単に「着る」のでなしに、高級スーツをファッショナブルに「着こなす」。これがサプールの条件です。彼らは個性の強い色や柄も、完璧にコーディネートしてかっこ良く見せるのです。
そのファッションセンスは、洋服がそこら中に溢れている先進国の人間よりもはるかに上回ります。アクの強いブランドスーツが、ここまでバシッと決まる人種が果たしてどれほどいるだろうかと思います。
「洋服に恵まれた環境にいるからといって、おしゃれになれるとは限らないんだな」
己の枯れたファッションセンスと引き比べながら、そうしみじみと感じました。
サプールは信念そのもの
しかしサプールの人々の魅力は、単に「おしゃれだから」というのではありません。おしゃれなスーツを着こなす、彼らの「生き方」そのものに皆憧れるのだと思います。
私が最初にサプールの存在を知ったときは、「先進国から流れてきた中古スーツを着ている人々」と勘違いをしていました。
「貧乏な国の人が、新品の高いスーツを買えるはずがない」。そんな偏見を持っていたのです。
しかし本を読んで、彼らがわずかな収入をやりくりしながら、1年近くもかけて1着のスーツを買うことを知りました。しかも清潔な身なりを保つため、家から何キロも離れた井戸へ水を汲みに行かねばならないのです。
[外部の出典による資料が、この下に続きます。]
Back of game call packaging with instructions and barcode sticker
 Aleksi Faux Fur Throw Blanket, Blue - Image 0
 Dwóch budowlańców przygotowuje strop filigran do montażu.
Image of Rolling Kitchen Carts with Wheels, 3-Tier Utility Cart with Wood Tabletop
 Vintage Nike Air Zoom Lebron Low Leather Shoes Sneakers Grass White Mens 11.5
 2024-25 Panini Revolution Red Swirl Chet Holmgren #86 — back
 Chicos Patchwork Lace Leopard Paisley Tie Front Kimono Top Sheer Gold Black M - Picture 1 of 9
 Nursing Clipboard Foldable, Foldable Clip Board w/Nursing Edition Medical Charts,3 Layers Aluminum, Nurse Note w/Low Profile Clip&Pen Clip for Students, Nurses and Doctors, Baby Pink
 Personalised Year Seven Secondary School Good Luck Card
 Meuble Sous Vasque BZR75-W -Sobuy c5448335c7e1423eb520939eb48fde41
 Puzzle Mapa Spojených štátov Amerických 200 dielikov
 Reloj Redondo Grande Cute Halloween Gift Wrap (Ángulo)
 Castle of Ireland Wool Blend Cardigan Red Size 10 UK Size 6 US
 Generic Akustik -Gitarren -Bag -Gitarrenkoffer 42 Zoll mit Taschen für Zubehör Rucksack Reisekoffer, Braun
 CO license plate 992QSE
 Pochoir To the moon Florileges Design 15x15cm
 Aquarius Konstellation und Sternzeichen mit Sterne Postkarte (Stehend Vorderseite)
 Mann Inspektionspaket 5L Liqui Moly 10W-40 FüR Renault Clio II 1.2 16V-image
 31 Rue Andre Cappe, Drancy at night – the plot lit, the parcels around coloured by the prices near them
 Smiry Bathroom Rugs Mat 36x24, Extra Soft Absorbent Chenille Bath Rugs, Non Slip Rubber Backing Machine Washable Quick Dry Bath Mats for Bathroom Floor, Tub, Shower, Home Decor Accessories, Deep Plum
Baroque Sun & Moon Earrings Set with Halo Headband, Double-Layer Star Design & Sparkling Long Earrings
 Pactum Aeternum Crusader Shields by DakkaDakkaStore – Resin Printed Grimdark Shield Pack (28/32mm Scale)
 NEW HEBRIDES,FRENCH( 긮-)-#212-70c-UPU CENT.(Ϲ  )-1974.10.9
どうしてそんな苦労をしてまで、おしゃれに身を投じるのか?それは彼らが、サプールという生き方に「人生」そのものをかけているからにほかなりません。
サプールの人は、「良いスーツを着るには、自分もそれに相応しい人格を備えなければいけない」と言います。そのためには、彼らはどんな苦労も惜しまないのです。
スーツが彼らを高め、彼らの人格がまたスーツを高める。もはやスーツは単なる衣服でなく、彼らの身体の一部なんだと感じました。
自分にとっての「サプール」とは?
サプールを見ているうちに、だんだん無視できなくなってきた疑問があります。それは、
「自分にとっての『サプール』とは、果たして何なのか?」
という問いです。
高級スーツと全身全霊で向き合う、サプールという生き方。「お前には、全身全霊をかけられるような何かがあるか?」そう問われているような気がするのです。
私も「ミニマリスト」「枯れ女」など好き勝手なライフスタイルを送っています。しかし、それにどこまで人生をかけているか?こう聞かれると、首を傾げざるを得ません。
「ミニマリストブームが終わっても、ものを持たない生活を続けられるか?」「仮に『25歳以上の女性は結婚して子供の産むこと』が法律で義務付けられても、『NO』と言えるか?」。そんなことを考えます。
「文章を書く」ということにしても、どこまで「文章」に人生をかけて向き合っていたか。在宅ライターとしてのここ1年を振り返ると、私の覚悟は全く足りなかったのではないかと思います。
「もっと良い文章を書くには、どうすれば良いのか?」。そういうことを、もっと真剣に考える必要があると痛感しました。
「全ては、スーツを最高にエレガントに着こなすため」。それがサプールの信念です。
「自分には、人生をかけても惜しくない『何か』があるか?」。単なるファッション指南を超えた、深い問いかけを残す1冊。あなたにとっての「サプール」は、どんなものでしょうか?